◆ INPUT DATA ◆
====
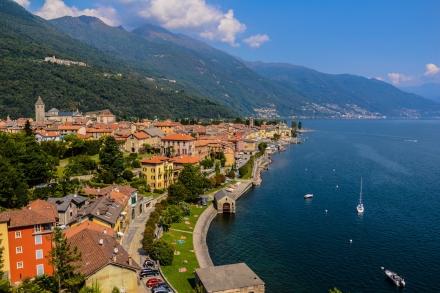 Herbstsonne am Lago Maggiore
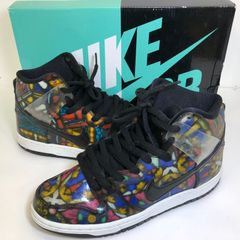 07m0762 箱あり Cncpts × Nike SB Dunk High "Stained Glass" SPECIAL BOX 313171-606 NIKE ナイキ ダンクハイ ハイカット スニーカー 24cm【USED】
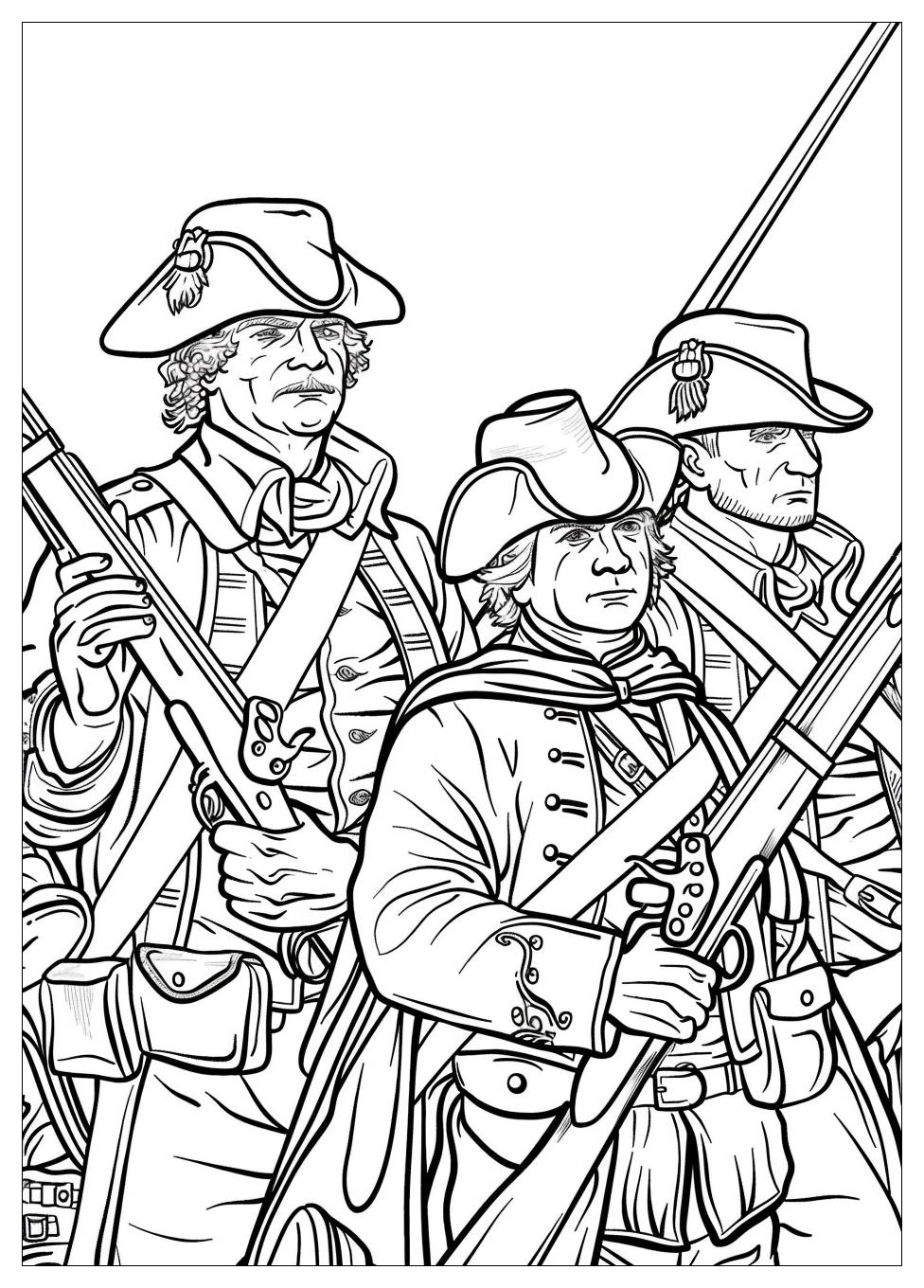 American Revolution Coloring Pages-11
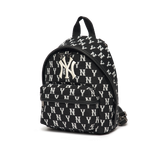 Balo MLB Monogram Jacquard Mini Backpack New York 3ABKS012N-50BKS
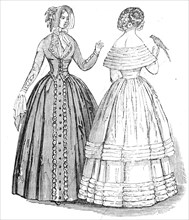 Fashions for August, 1845. Creator: Unknown.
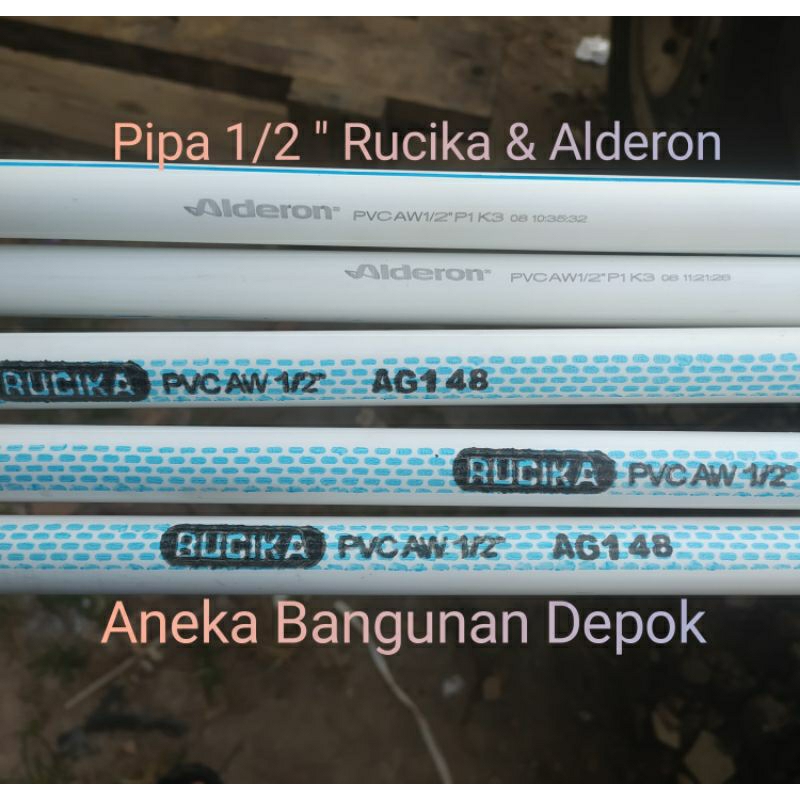 Jual Pipa Plaron PVC UK 1 2 Inci Merk RUCIKA QuaD 1 BATANG Shopee Indonesia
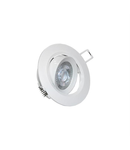 Spot cu LED reglabil incastrat cod 21-051000 5W lumina calda D 90mm h 45mm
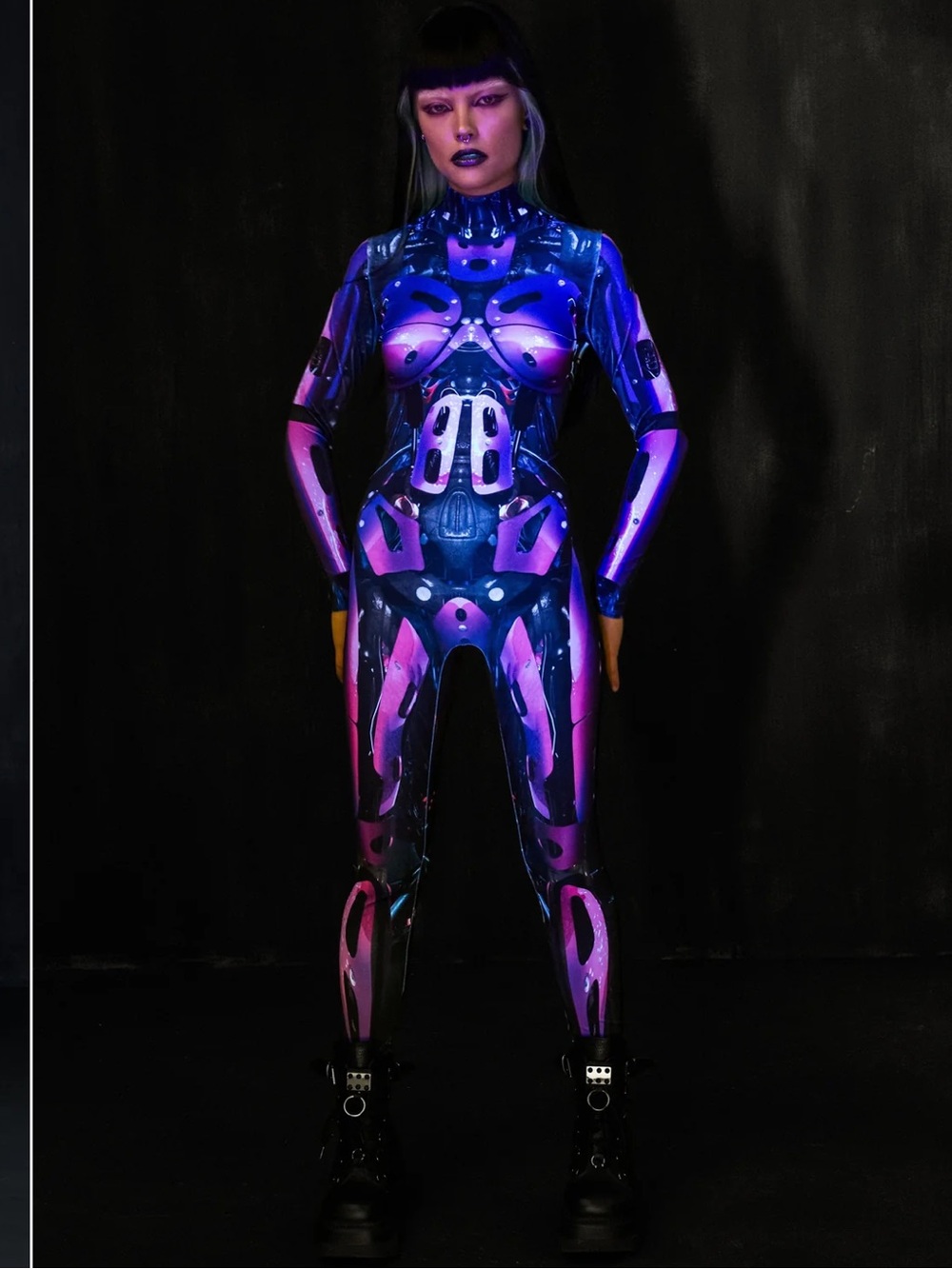 Badinka Cyberware Android Costume - Magenta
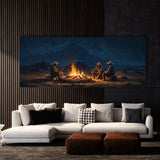 Western Starlit Campfire Moments 14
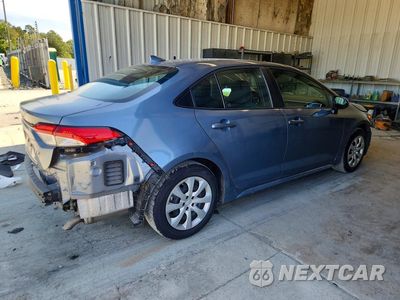 Trzecie zdjęcie samochodu z tyłu: 2022 TOYOTA COROLLA LE VIN:5YFEPMAE1NP362287 - miniatura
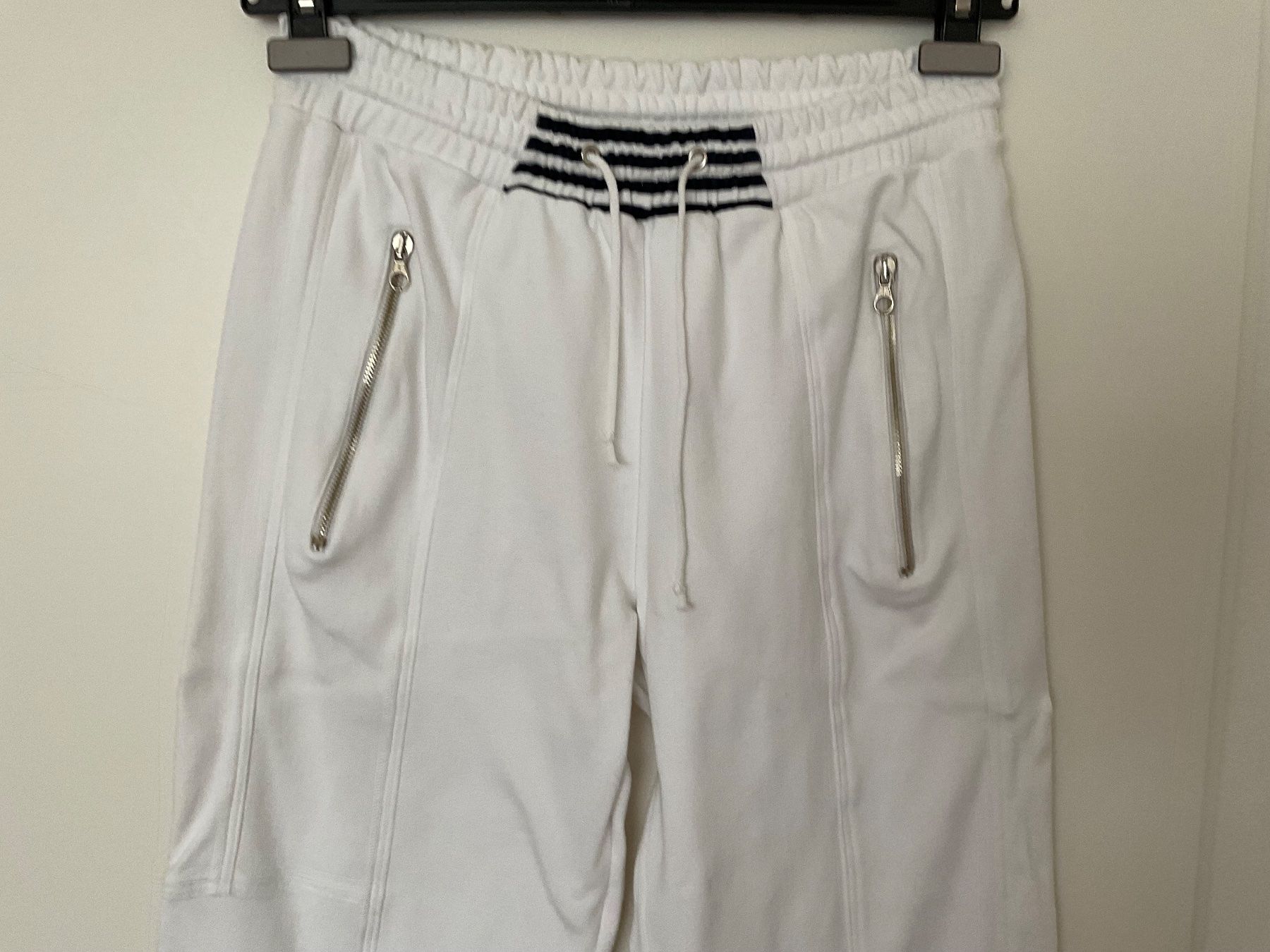 Aigner Pantaloni: Étienne Aigner Freizeit Hose Pants Gr 38 weiss – Usato da Urdorf venduto da alda02 2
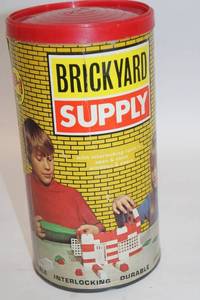 lot 212 image: Vintage Brickyard Supply Interlocking Building Set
====
◆ HOW TO COMPLETE THIS TASK ◆
Output nothing but the lines from the one containing "07m0762 箱あり Cncpts" to the end of the listing, both ends included, reproduced exactly. Pictures stay out.

◆ RESPONSE TO THE TASK ◆
 07m0762 箱あり Cncpts × Nike SB Dunk High "Stained Glass" SPECIAL BOX 313171-606 NIKE ナイキ ダンクハイ ハイカット スニーカー 24cm【USED】
 American Revolution Coloring Pages-11
 Balo MLB Monogram Jacquard Mini Backpack New York 3ABKS012N-50BKS
 Fashions for August, 1845. Creator: Unknown.
 Jual Pipa Plaron PVC UK 1 2 Inci Merk RUCIKA QuaD 1 BATANG Shopee Indonesia
 Spot cu LED reglabil incastrat cod 21-051000 5W lumina calda D 90mm h 45mm
 Badinka Cyberware Android Costume - Magenta
 Western Starlit Campfire Moments 14
 Trzecie zdjęcie samochodu z tyłu: 2022 TOYOTA COROLLA LE VIN:5YFEPMAE1NP362287 - miniatura
 Aigner Pantaloni: Étienne Aigner Freizeit Hose Pants Gr 38 weiss – Usato da Urdorf venduto da alda02 2
 lot 212 image: Vintage Brickyard Supply Interlocking Building Set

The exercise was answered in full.